In the story of The Professor And The Paradox from the second edition of the Big Book, we can see them explained:
- We SURRENDER TO WIN. On the face of it, surrendering certainly does not seem like winning. But it is in A.A. Only after we have come to the end of our rope, hit a stone wall in some aspect of our lives beyond which we can go no further; only when we hit “bottom” in despair and surrender, can we accomplish sobriety which we could never accomplish before. We must, and we do, surrender in order to win.
- We GIVE AWAY TO KEEP. That seems absurd and untrue. How can you keep anything if you give it away? But in order to keep whatever it is we get in A.A., we must go about giving it away to others, for no fees or rewards of any kind. When we cannot afford to give away what we have received so freely in A.A., we had better get ready for our next “drunk.” It will happen every time. We’ve got to continue to give it away in order to keep it.
- We SUFFER TO GET WELL. There is no way to escape the terrible suffering of remorse and regret and shame and embarrassment which starts us on the road to getting well from our affliction. There is no new way to shake out a hangover. It’s painful. And for us, necessarily so. I told this to a friend of mine as he sat weaving to and fro on the side of the bed, in terrible shape, about to die for some paraldehyde. I said, “Lost John”—that’s his nickname—”Lost John, you know you’re going to have to do a certain amount of shaking sooner or later.” “Well,” he said, “for God’s sake let’s make it later!” We suffer to get well.
- We DIE TO LIVE. That is a beautiful paradox straight out of the Biblical idea of being “born again” or “in losing one’s life to find it.” When we work at our Twelve Steps, the old life of guzzling and fuzzy thinking, and all that goes with it, gradually dies, and we acquire a different and a better way of life.
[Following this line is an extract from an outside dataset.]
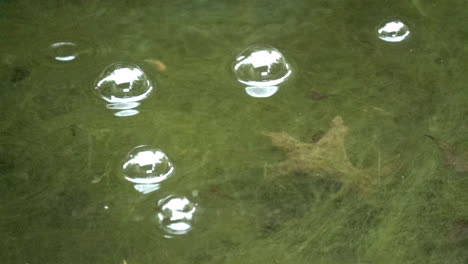 rain drops hit pond water and burst bubbles floating on surface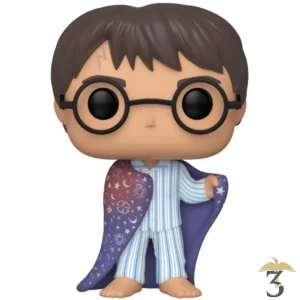 Pop 111 harry potter spécial édition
As our shortcomings are removed, one life of us dies, and another life of us lives. We in A.A. die to live.
To solve a paradox a few tools are required, an open-mindedness to the possibility it is true, and we look at the problem from different perspectives or viewpoints.
To illustrate this, I will use a simple statement. When are a circle and triangle the same shape? You may answer as it is the AA’s Recovery, Unity, and Service symbol. Yes, thank you, my friend Abbey for showing me that.
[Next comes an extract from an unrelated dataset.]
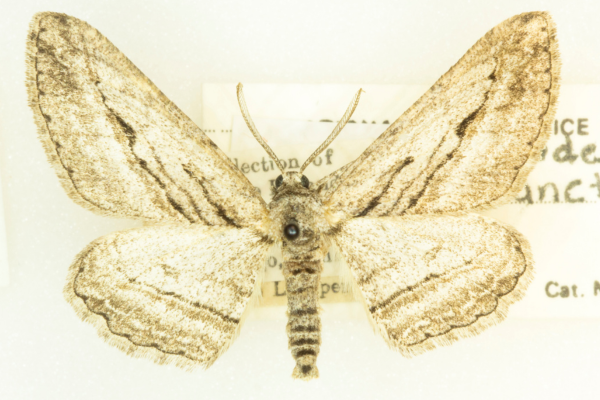 Comparison of Adjectives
Take the shape of a cone. Move it around in your mind or hold it in your hand such as an ice cream cone. Hold it out to see the side, and you see the triangle, hold it out and turn it to see the top, it is a circle. So something like a cone can solve a simple paradox of two shapes being the same object. Plus you load it up with a few scoops, and you give a taste of a little heaven here on earth (another paradox).